-------- Available data

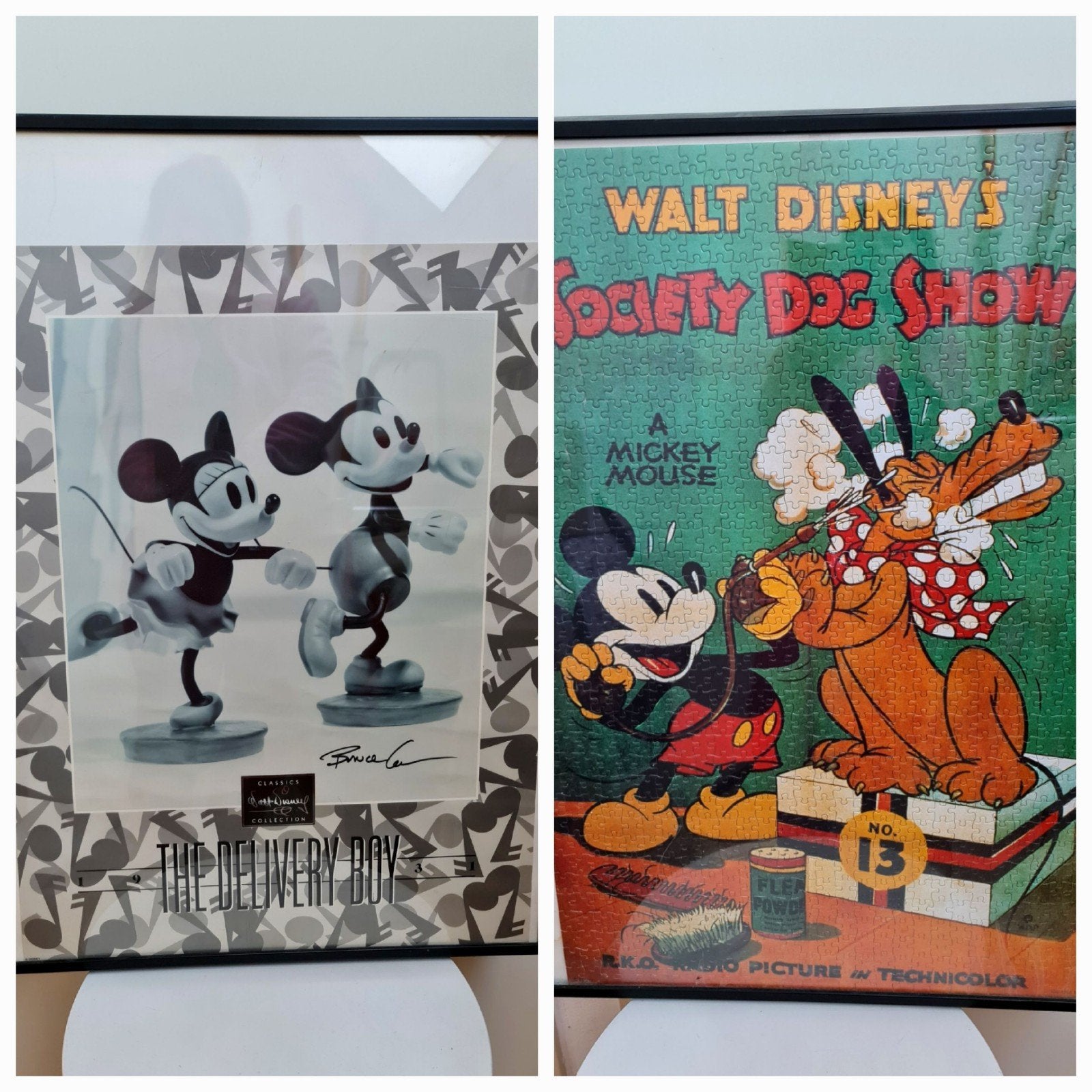 The Delivery Boy Bruce Lau + puzzelposter Pluto Mickey, Ophalen, Mickey Mouse, Gebruikt, Plaatje of Poster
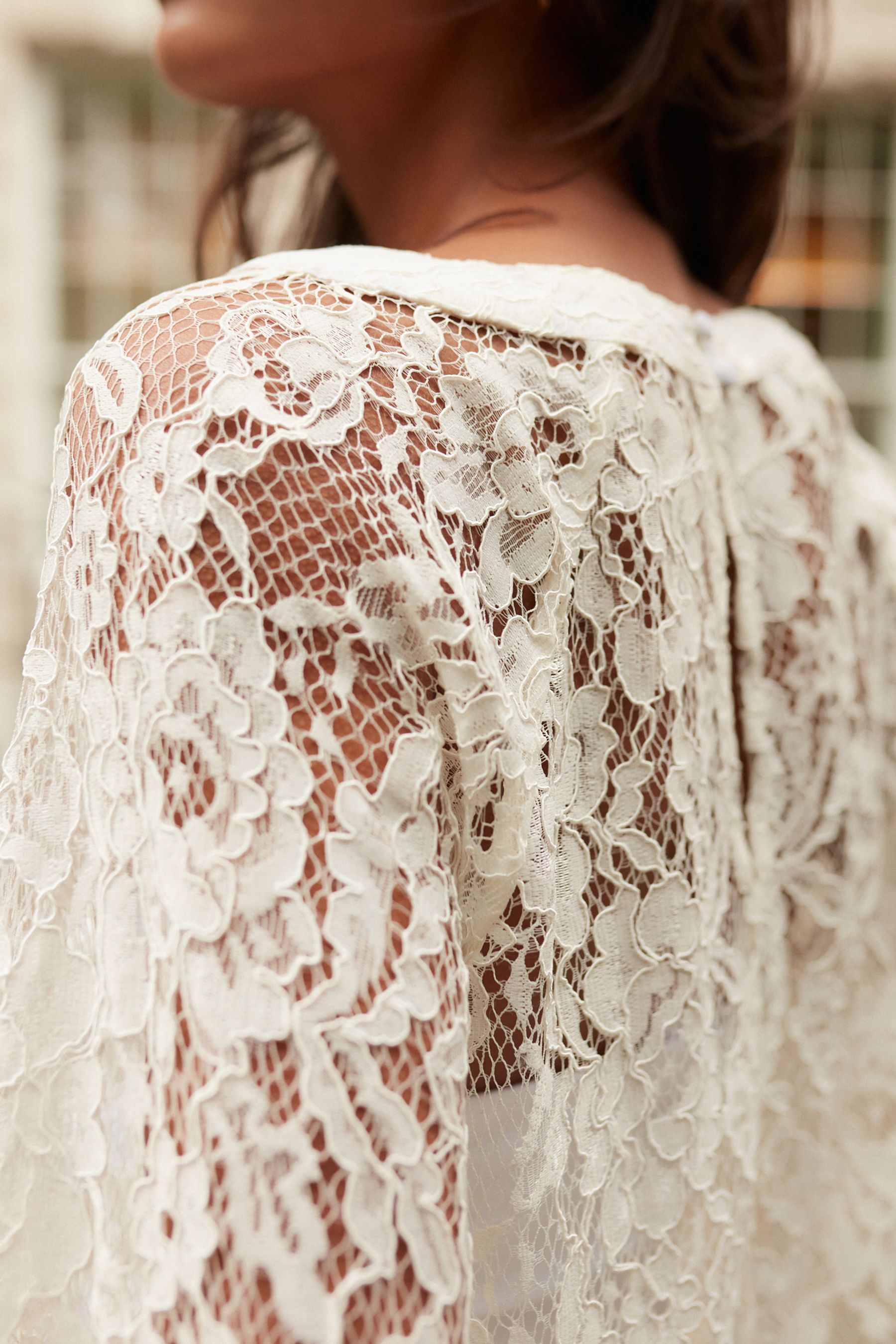 Buy Ivory Round Neck Lace Long Sleeve Blouse from the Next UK online shop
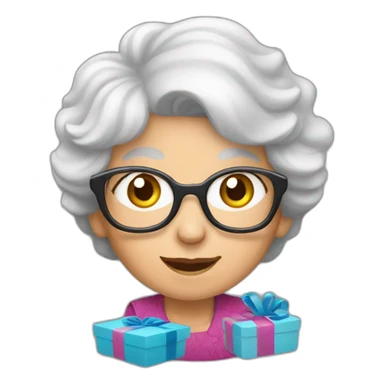 Granny with a gifts sticker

----------------

Exercise description >> No picture should be included when the data are set down again exactly.

Solution to this exercise >>
 The Delivery Boy Bruce Lau + puzzelposter Pluto Mickey, Ophalen, Mickey Mouse, Gebruikt, Plaatje of Poster
 Buy Ivory Round Neck Lace Long Sleeve Blouse from the Next UK online shop
 Granny with a gifts sticker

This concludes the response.